↓
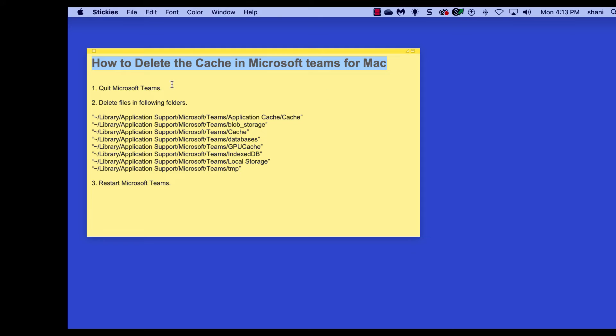Here's how to delete the cache in Microsoft Teams for Mac. First, you're going to need to quit Microsoft Teams, the application.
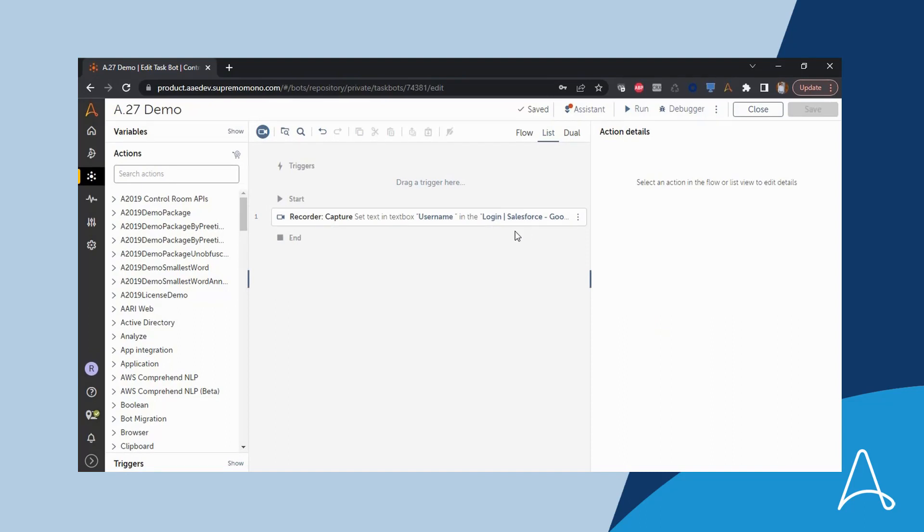She can now define the object with ease and complete her test. She is thrilled with the AI Sense user experience improvements and is now ready to begin building automations with ease.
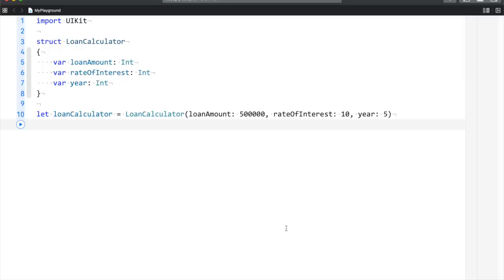Computed properties are those which you don't assign a value to; you assign code to it. What I mean by that is, in front of you is an example: there is a loan calculator structure which has three properties - loan amount, rate of interest, and year.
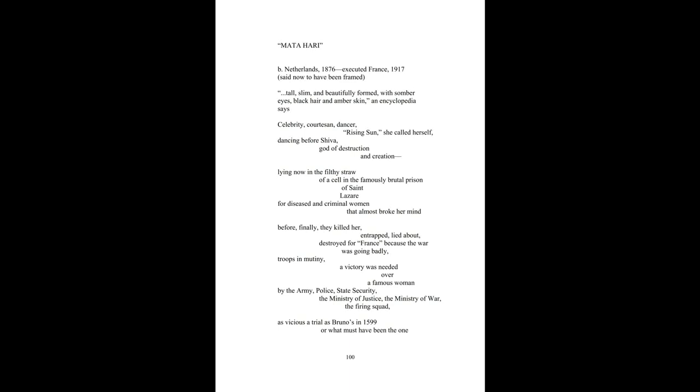Mata Hari. Born Netherlands, 1876. Executed France, 1917.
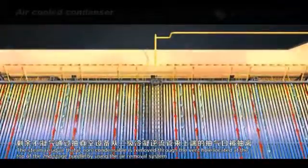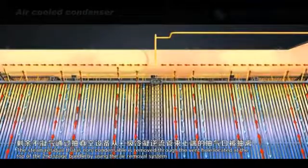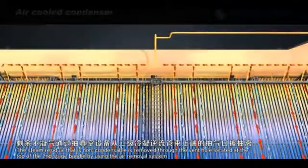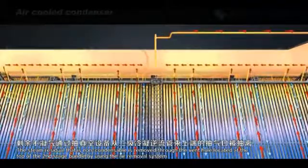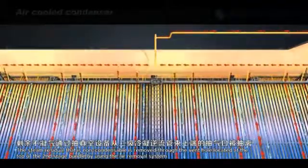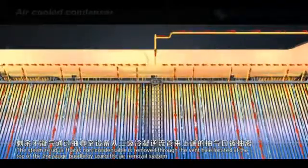The steam residual that is non-condensable is removed through the vent hole located at the top of the second-stage bundles by using the air removal system.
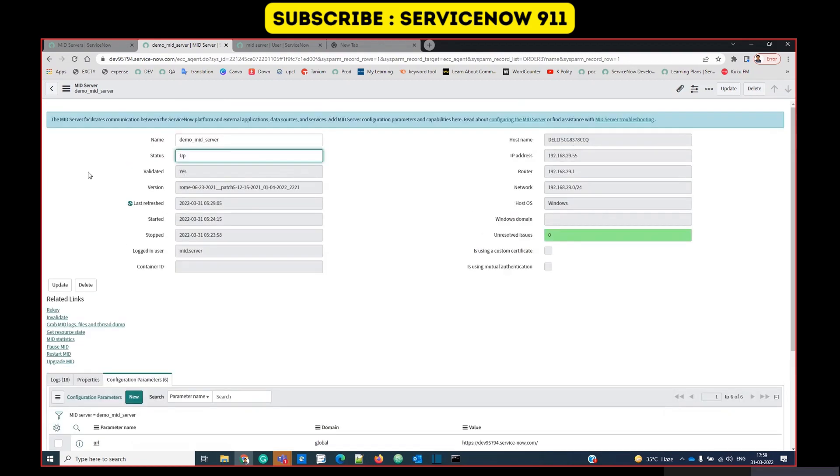So I think we are done with the installation of MID server. I hope you liked it and MID server installation will not be any problem in future for you. Please subscribe to our channel. We are coming up with lots of interesting videos for you. Stay tuned. Till then, bye bye.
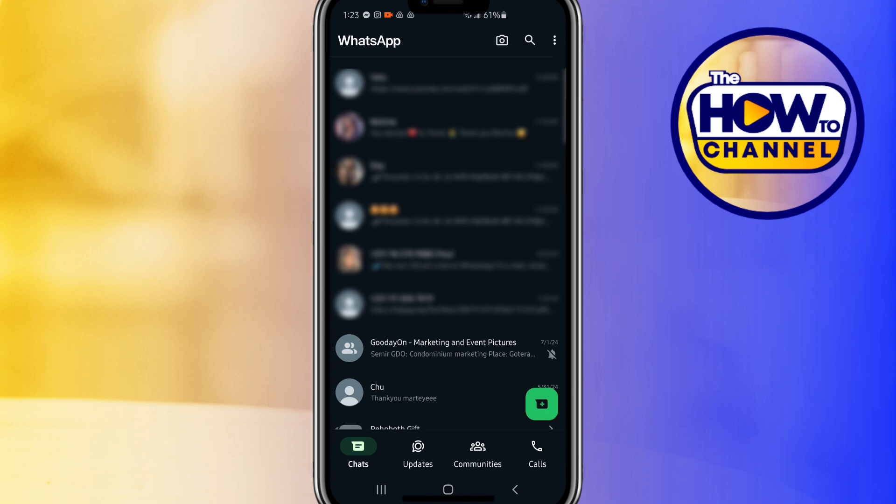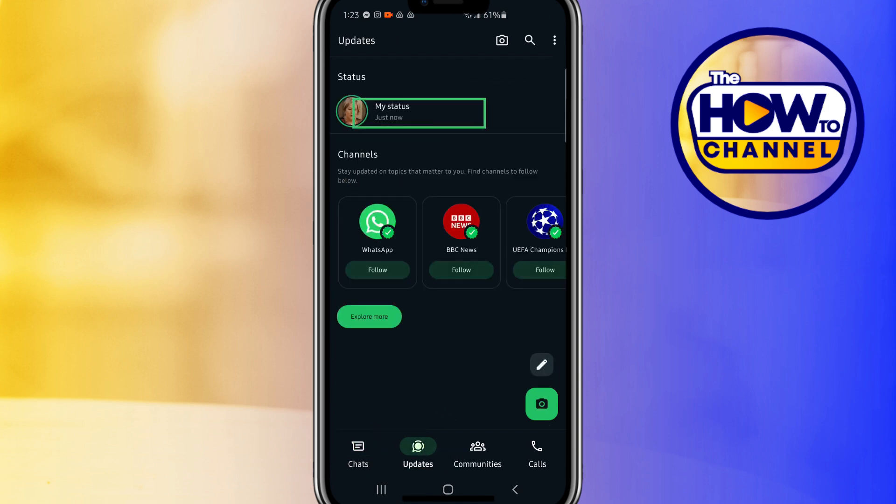At the bottom of the screen, go to the Updates tab. At the top of the screen, click on My Status which you want to remove.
↑
** ASSIGNMENT **
The lines running from the one with "So I think we" to the close of the material above are to be retyped exactly; no picture is to be included.

** RESPONSE FOR THIS EXERCISE **
So I think we are done with the installation of MID server. I hope you liked it and MID server installation will not be any problem in future for you. Please subscribe to our channel. We are coming up with lots of interesting videos for you. Stay tuned. Till then, bye bye.
At the bottom of the screen, go to the Updates tab. At the top of the screen, click on My Status which you want to remove.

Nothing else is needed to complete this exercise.